Nella nottata del 05.08.2014 alle ore 00.30, personale dipendente – Squadra Volanti – a seguito di mirato servizio di controllo del territorio per la prevenzione e repressione dei reati in genere con particolare attenzione ai soggetti sottoposti a misure cautelari custodiali e misure di prevenzione, finalizzato a monitorare il perentorio rispetto delle regole imposte a tali soggetti da parte dell’A.G. competente, traeva in arresto il noto pregiudicato CIOCIOLA Maurizio, Sorvegliato Speciale di P.S. con obbligo di soggiorno in Manfredonia.

 Il predetto CIOCIOLA Maurizio, in Manfredonia alla Via Giuseppe di Vagno angolo Via Cimarrusti, veniva sorpreso in flagranza di inosservanza della normativa antimafia e sulle misure di prevenzione.

Veniva sorpreso, infatti, alla guida della sua autovettura Ford Fiesta, nonostante avesse la revoca della patente di guida giusto provvedimento del Prefetto di Foggia, in orario durante il quale aveva l’obbligo di rimanere in casa (dalle ore 21.00 alle ore 07.00), e senza avere a seguito la carta di permanenza.

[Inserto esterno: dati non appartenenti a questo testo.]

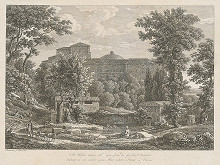 Johann Christian Reinhart – SEI VEDUTE INCISE ALĹ QUA FORTE... 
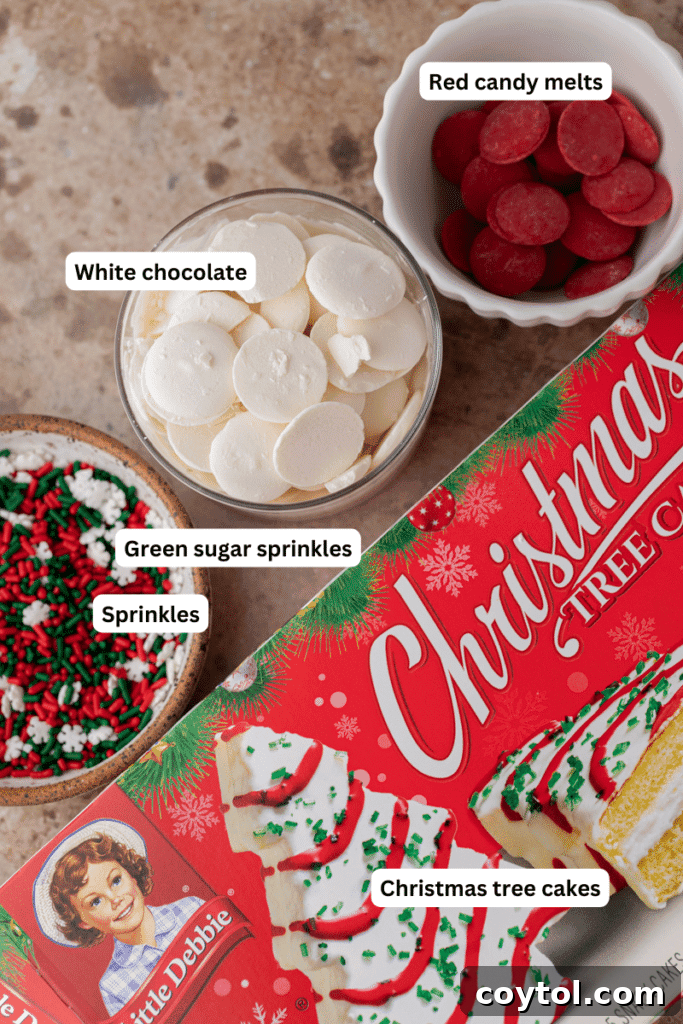 Whip Up Little Debbie Christmas Tree Cake Truffles No Baking Required 3 ingredients for little debbie christmas tree cakes truffles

Il controllo, gestito professionalmente dal personale operante, ha consentito di neutralizzare il tentativo di fuga del CIOCIOLA che in un primo momento aveva provato a sottrarsi al controllo di polizia cercando di effettuare una azzardata manovra di retromarcia. L’accompagnamento negli uffici di polizia si concludeva al termine delle formalità di legge con l’accompagnamento dell’arrestato presso la sua abitazione, in regime di arresti domiciliari e in attesa del rito della direttissima, così come ordinato dal P.M. di Turno della Procura della Repubblica presso il Tribunale di Foggia, dott.ssa Gravina.---

Le indagini a carico del CIOCIOLA sono scaturite non solo dalle innumerevoli violazioni alla Sorveglianza Speciale di P.S., ma anche da una serie di eventi che hanno turbato l’ordine pubblico della cittadina manfredoniana e hanno evidenziato la sua pericolosità, aggressività ed il disprezzo verso le più elementari norme di pacifica convivenza.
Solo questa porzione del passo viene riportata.